DCA's Product Lifecycle Services
Product lifecycle has been under constant redefinition over the past decades. Driven by changes in the concepts of downstream responsibility for customer satisfaction, warranty support, and recapture, it has become necessary to plan product life well beyond the shipping dock. As product operating lifetimes begin clashing with component lifecycles and availability, warranty support and end–of–life component inventories for lifetime product support become critical items. Producer responsibility is now being extended by statute to recapture and reprocessing of the spent products post-life. This along with new and robust accounting rules are forcing companies to come to grips with proper warranty and end-of-life financial reserves that affect their company’s bottom line finances thus driving a new focus into product lifecycle planning.

To better understand the product lifecycle concept and complexities, DCA has developed the figure shown above. This represents a stylized depiction of a typical product lifecycle broken into 6 major phases from product concept through disposal and take-back. The following paragraphs give a brief description of the key elements of each phase.
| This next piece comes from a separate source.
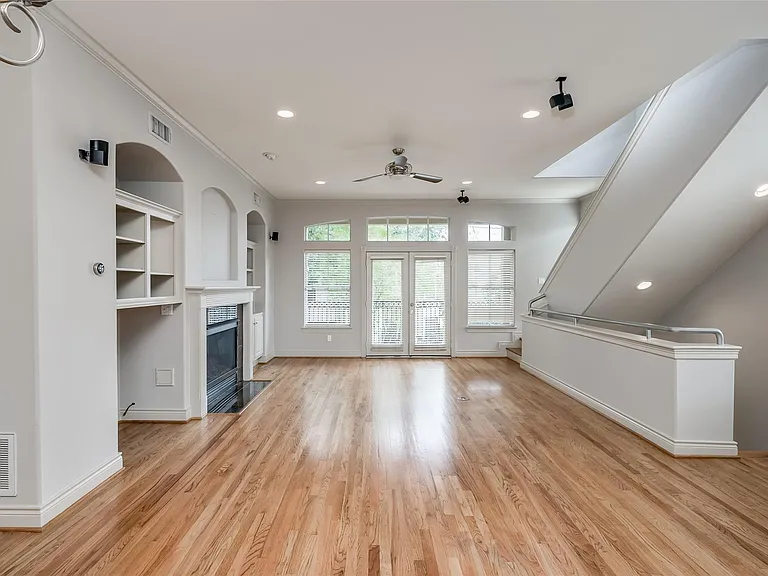315 Sandman St — Photo 30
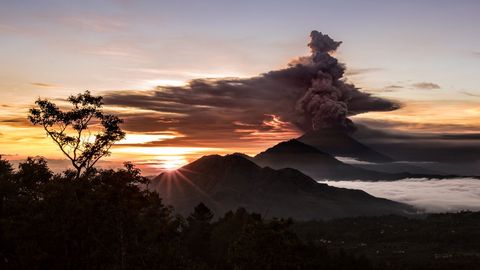 M�xima alerta en Bali tras la erupci�n de un volc�n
It is during this conceptual phase of product development that the product’s functional and cost objectives, requirements, and initial specifications are determined before any actual design work occurs. This stage must also take into consideration existing and emerging environmental requirements that may impact the product during its lifecycle. These requirements include restrictions on the usage of certain materials, as well as additional requirements regarding power consumption and carbon footprint. Expect future regulations to look at the entire ecological impact of the product from raw material extraction to energy and hazardous substance issues associated with recapture and reuse or recycling. Do you know what these emerging regulations are? Do your product teams know? DCA can keep you informed and also insure your special needs are identified to those agencies drafting these new regulations and standards.
Product conception is complete, specifications are developed, and the project moves to the design teams. There are many areas to be focused on here:
Phase 2: Prototype and New Product Introduction/Launch
This phase includes design verification and manufacturing readiness.
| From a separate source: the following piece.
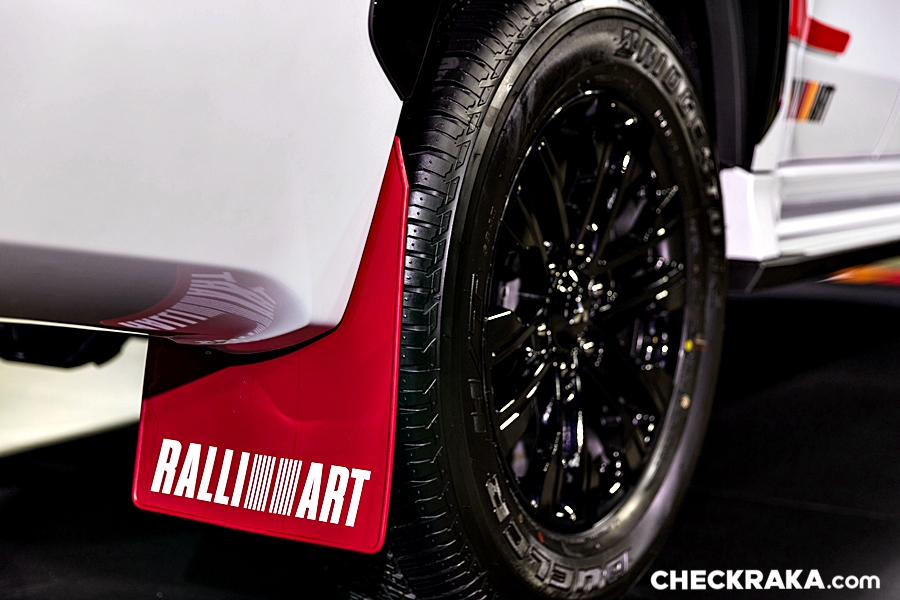 รูปภาพ มิตซูบิชิ Mitsubishi Pajero Sport RALLIART ปี 2022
Phase 3: Manufacturing & Production
The product is delivered to manufacturing and the ramp to volume begins. Here is where the proverbial rubber meets the road. Now we see how well we did in the earlier phases. Hopefully the qualification of your manufacturing partner has been thorough and complete. You should already know how they manage their raw material inventories to insure product and supply chain integrity and conformance to hazardous materials directives. Their processes should have already been qualified to the new SAC profiles and they have the proper training and skill necessary to insure quality in this new manufacturing environment. Your component engineering and materials management people have properly positioned the suppliers and staged the material necessary for launch. Your data systems are up-to-date and communicating properly with your subcontractors.
All systems are go and you can take a much needed break. – Wrong! Now is not the time to let down the guard. Constant surveillance is the key to continuing high quality production. Periodic supplier audits and reviews are necessary to keep processes aligned. Compliance audits requested by customers or governmental agencies require hoards of real-time data available upon demand. Everlasting vigilance is required to insure systems are properly built to specification without unapproved material substitutions or counterfeit parts.
How well does your company do? Are your product ramps timely and trouble-free? If you are having problems, DCA can help. With our Black-Belt certified quality engineers and our extensive industry experience, we can audit your systems and processes and make recommendations, train, or otherwise assist in taking corrective actions. We stand ready to deploy resources to your site(s) should you need help in any of these areas. Better yet, let us help proactively before the critical launch. We can provide a readiness audit that will ensure a trouble free product ramp.
Phase 4: Use and End of Life Support
Products are pouring off the line and into the hands of our customers. Our attention now turns to warranty support, upgrades, and End-of-Life (EOL) issues.
Now is the real test of how well you qualified the suppliers and the components and how robust your technology roadmap was.